Una líder de selección para el centro del campo ‘gunner’
Stanway llega con un pedigrí internacional incuestionable. Pieza clave de la selección de Inglaterra, ha participado en los dos títulos europeos consecutivos del combinado nacional y en la carrera hasta la final del Mundial de 2023. Sus números con el equipo nacional hablan por sí solos: 32 goles en 91 partidos internacionales, cifras de atacante para una centrocampista que domina las dos áreas.
Antes de su aventura en Alemania, ya había sido una figura central en el Manchester City, donde se forjó como una de las mediocentros más completas del panorama europeo. Capaz de romper líneas, llegar al área, sostener al equipo en fases defensivas y aparecer en los momentos grandes, Stanway aterriza en Londres como una jugadora de impacto inmediato.
Reuteler, otra pieza ofensiva en el tablero
El movimiento de Stanway no llega solo. El Arsenal está a punto de cerrar también la incorporación de Géraldine Reuteler, igualmente a coste cero, tras confirmarse su salida del Eintracht Frankfurt. La internacional suiza, mediapunta con olfato de gol y capacidad para actuar también como delantera, refuerza el arsenal ofensivo del equipo.

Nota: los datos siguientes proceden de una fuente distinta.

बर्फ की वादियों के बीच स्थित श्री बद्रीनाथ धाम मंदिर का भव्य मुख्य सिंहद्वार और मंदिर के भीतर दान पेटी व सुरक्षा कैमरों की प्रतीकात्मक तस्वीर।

Sus cifras con el Eintracht son contundentes: 54 goles y 45 asistencias en 184 encuentros, con 10 tantos solo esta temporada. Fue una de las grandes protagonistas de la selección anfitriona en la pasada Eurocopa, donde confirmó su condición de jugadora decisiva entre líneas, con último pase, llegada y personalidad para pedir la pelota en zonas calientes.
Salidas de peso y reconstrucción
La ambición del Arsenal llega acompañada de un cambio profundo en el vestuario. El club ha anunciado las salidas veraniegas de Beth Mead, Katie McCabe, Victoria Pelova, Laia Codina y de las guardametas Manuela Zinsberger y Naomi Williams. Nombres importantes, experiencia y jerarquía que dejan huecos que no se rellenan solo con talento, sino también con carácter.
Ahí entra en juego el perfil de Stanway y Reuteler: futbolistas acostumbradas a competir por títulos, a convivir con la presión y a sostener proyectos que no se conforman con participar, sino que exigen ganar.
El mensaje es claro: el Arsenal no quiere limitarse a seguir el ritmo de la élite europea. Pretende marcarlo. Y con Georgia Stanway dirigiendo el centro del campo, la pregunta ya no es si el equipo puede pelear por recuperar la WSL, sino cuánto tardará en convertir esa ambición en realidad.